• _WHAT YOU ARE ASKED TO DO_:
Go through the listing and retype each line exactly.

• _MATERIAL PROVIDED_:
___
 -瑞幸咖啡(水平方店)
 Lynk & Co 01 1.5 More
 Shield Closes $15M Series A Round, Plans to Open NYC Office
___
• _TASK SOLUTION_:
 -瑞幸咖啡(水平方店)
 Lynk & Co 01 1.5 More
 Shield Closes $15M Series A Round, Plans to Open NYC Office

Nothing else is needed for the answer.